YOUR GOAL: Exactly as they appear, write the lines from the one containing "Fendi Vitello Liberty" to the final line of the entries, leaving pictures out.

SUPPLIED ENTRIES:

--------

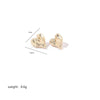 1 Pair Simple Style Heart Shape Polishing Plating Copper 18K Gold Plated Ear Studs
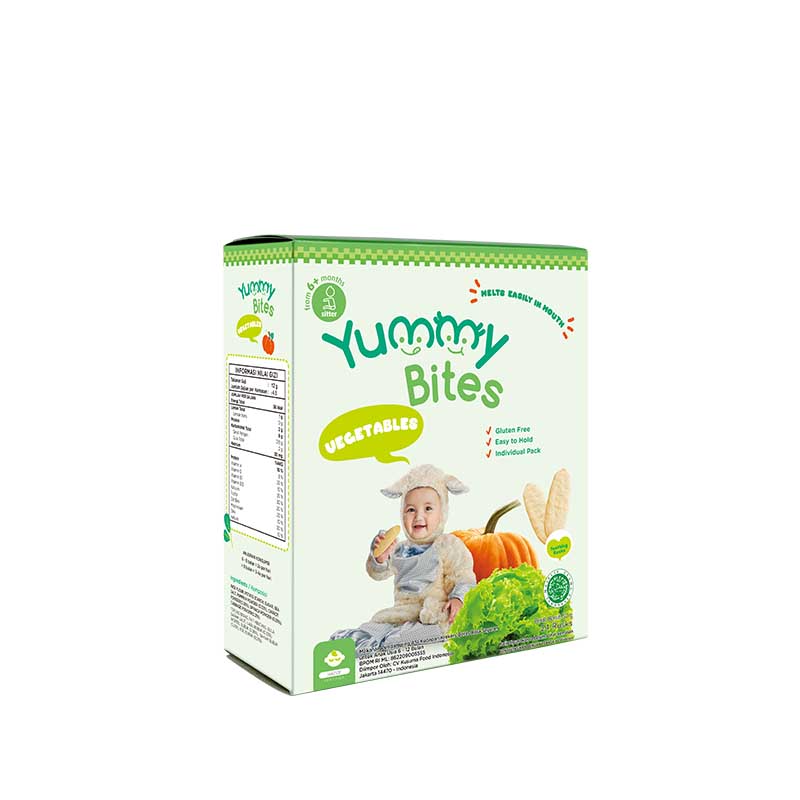 Yummy Bites Rice Crackers Flavour Vegetable 50g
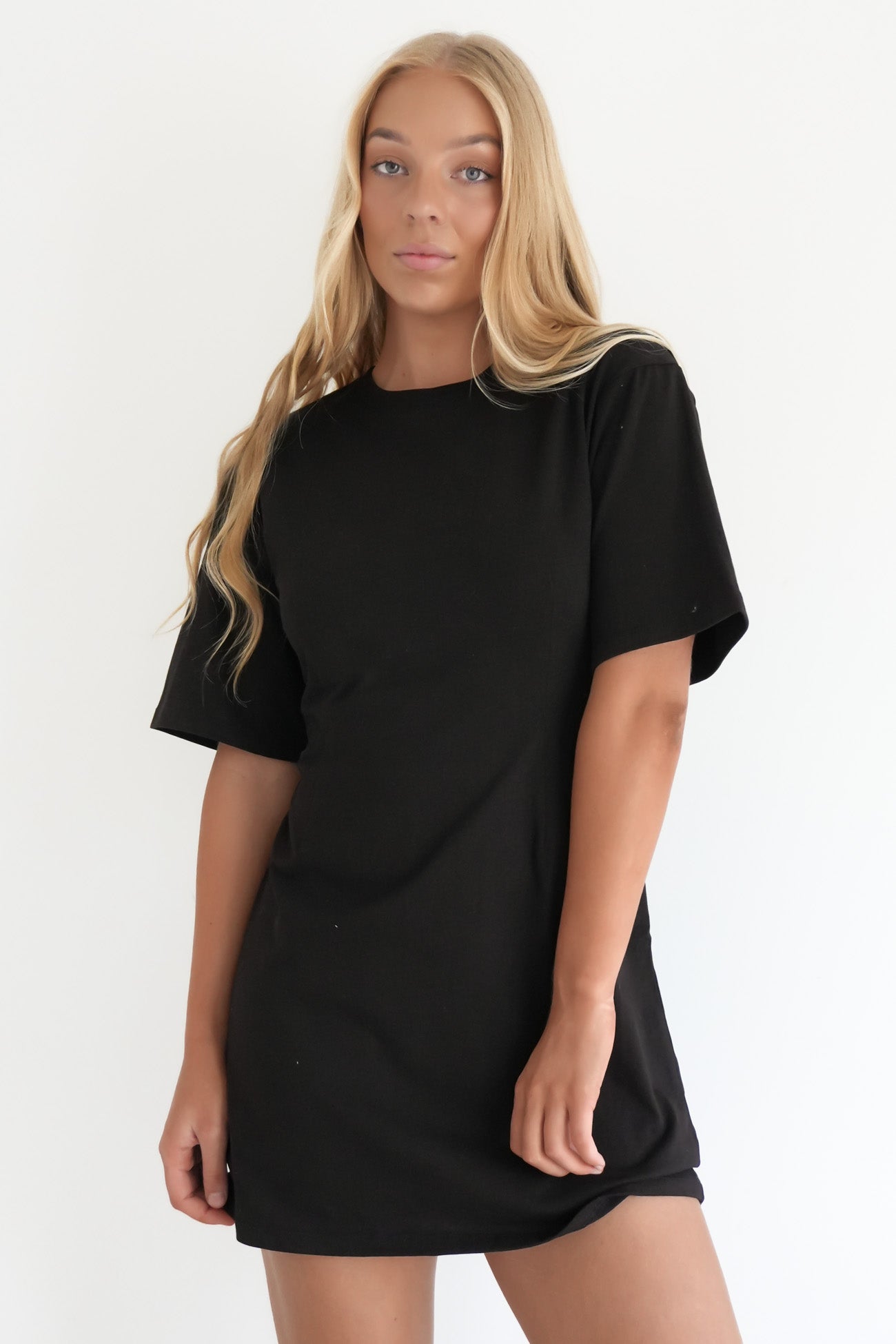 Soho Tee Mini Dress Black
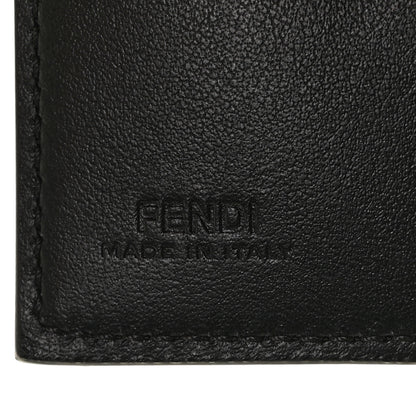 Fendi Vitello Liberty F is Fendi Bi-Color FF 1974 Embossed Micro Tri-Fold Envelope Wallet Maya Black 6 of 8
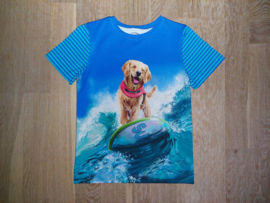 3577 - Hond op surfboard shirt
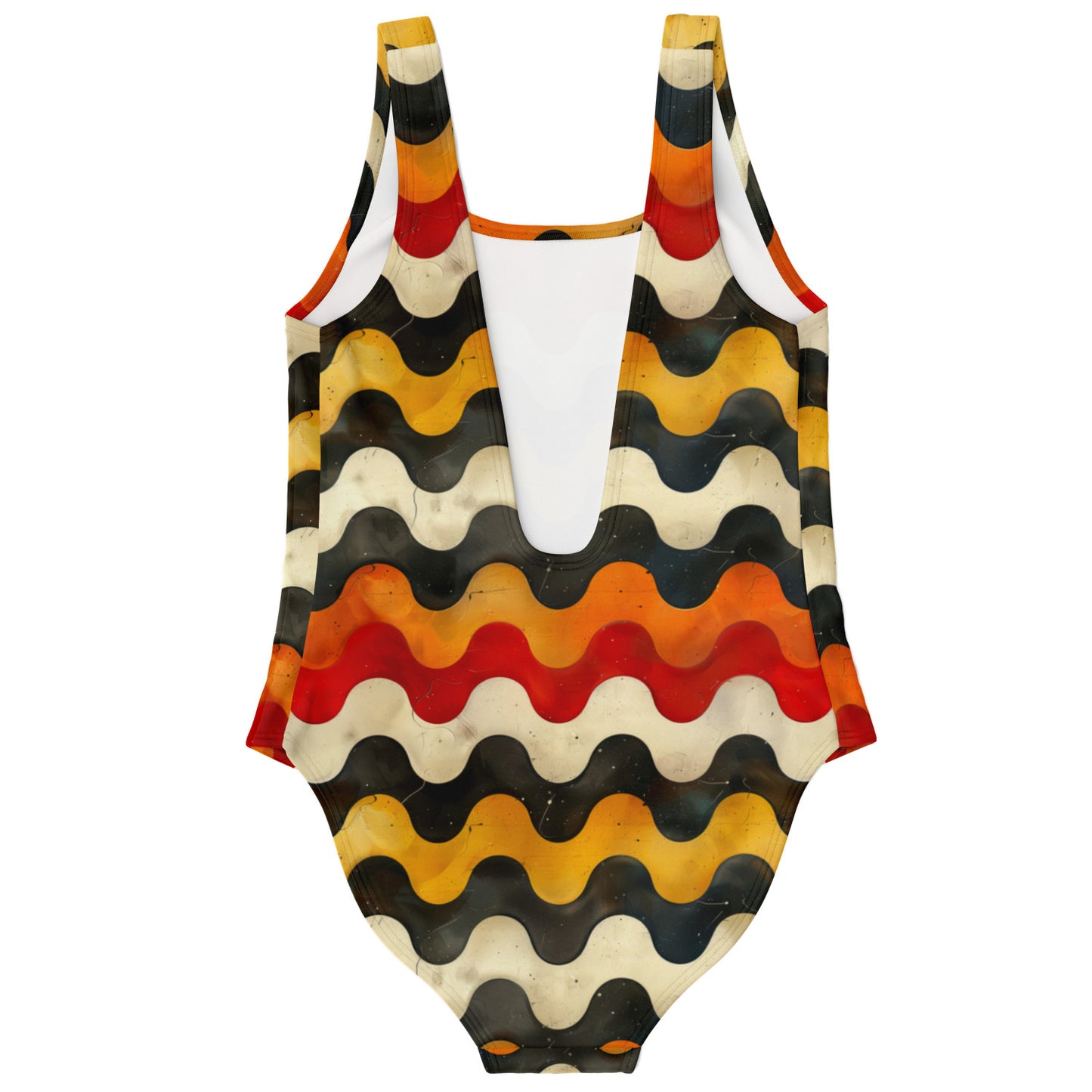 Retro Wave Pattern Women's One-Piece Swimsuit - AOP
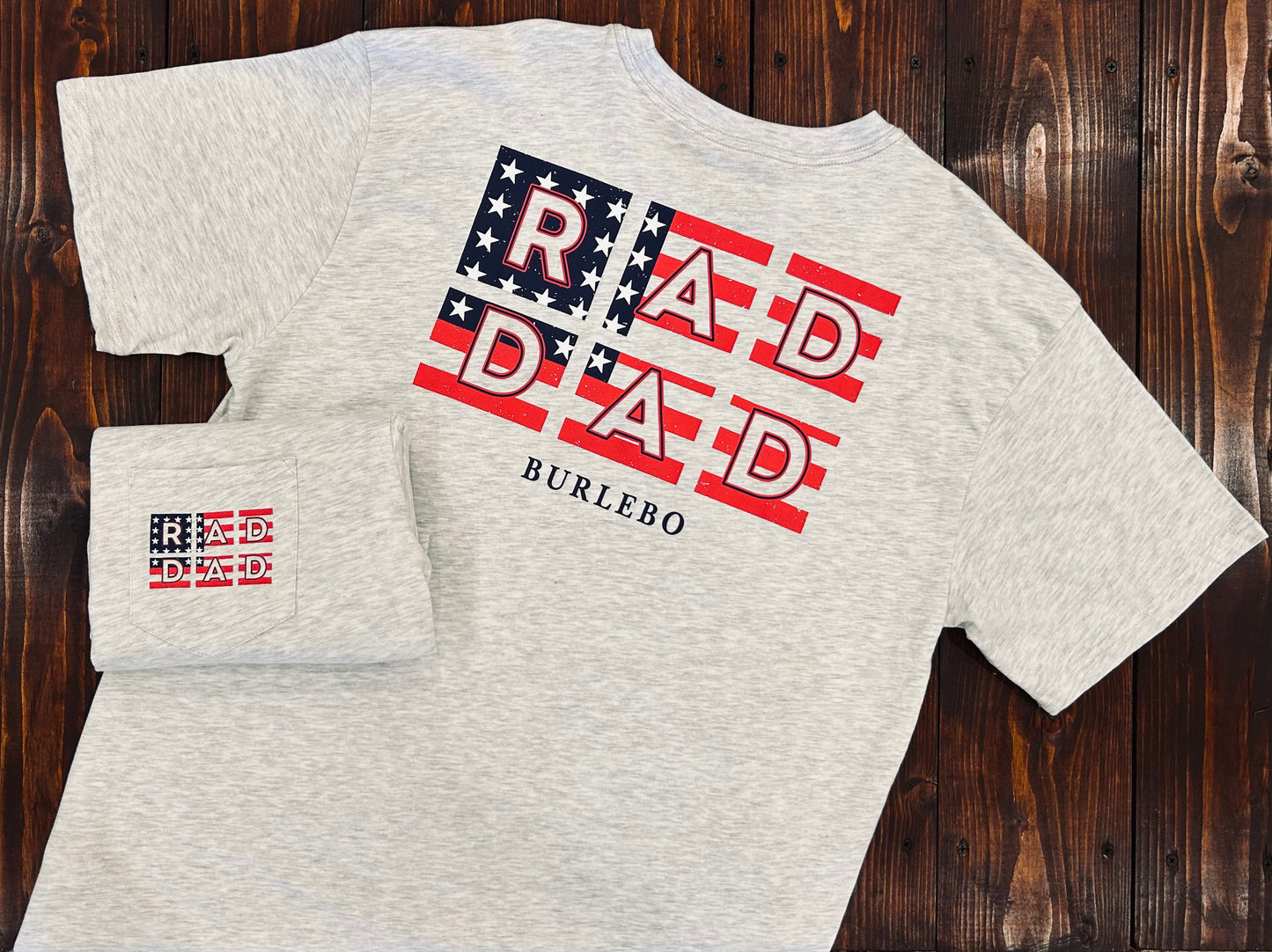 Burlebo - Rad American Dad Heather Ash Grey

--------

COMPLETED EXERCISE:
 Fendi Vitello Liberty F is Fendi Bi-Color FF 1974 Embossed Micro Tri-Fold Envelope Wallet Maya Black 6 of 8
 3577 - Hond op surfboard shirt
 Retro Wave Pattern Women's One-Piece Swimsuit - AOP
 Burlebo - Rad American Dad Heather Ash Grey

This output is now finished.